Other San Francisco Opera events coming up are:
San Francisco Opera is at Stern Grove Music Festival Sunday, July 4, 2 PM, www.sfopera.org, at Sharon Meadows, Sunday, Sept. 12, 1:30 PM www.sfopera.com/park, and Aida Simulcast at AT&T Park www.sfopera.com/simulcast

Sunday, June 27, 2010

Cracking the Codes: A 21st Century Conversation About Race

This weekend was as full as usual. I found myself juggling events, trading one for another and disappointed that I could not be in three places at once. I found out this afternoon that Luisa Tuish hosted a ritual at the beach Saturday morning to send prayers and light to the gulf region where lives are being lost and lives are forever changed as the oil continues to spill into the sea.

I'd planned to get by the Wise Women event that afternoon to see Nikki Giovanni, who has a new collection describing how much she loves her bicycle, but my younger daughter had a horrific car accident early that same morning and the day was spent having the car towed, calling insurers, and visiting the hospital.

She walked away from an accident which could have been deadly. I went to opening night of the final weekend of the Ethnic Dance Festival. It was marvelous, with companies representing Afgahnistan--a company I really enjoyed, the live music and lovely costumes, the women in long colorful scarves and dresses which they twirled as they turned.

Another company with lovely costumes and choreography performed dance from Boliva--the men wore feathered head dresses which rotated like wheels and the women had on white flowered head dresses.
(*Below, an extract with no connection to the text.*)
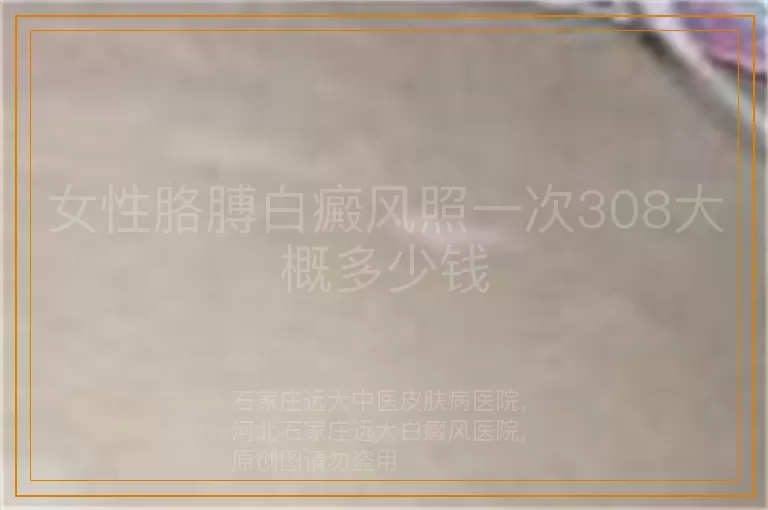女性胳膊白癜风照一次308大概多少钱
When they leaned forward so that their faces disappeared it looked like a field of flowers. Other head ornaments were hats which looked like flower pots...these festive costumes and the lively music just enhanced a marvelous performance.

There were a couple of a solo artists, between the larger company works. One was a belly dancer. Her belly was too small...she was too skinny. Cute, great personality, but physically didn't have what it took to pull it off. When she used her scarf to bring in the Red Sea, the inspiration for the piece "Progression" one could see the rippling water, sunlight reflected on its surface and the light beneath its surface as the dancer interpreted the folkloric baladi progression in a modern way.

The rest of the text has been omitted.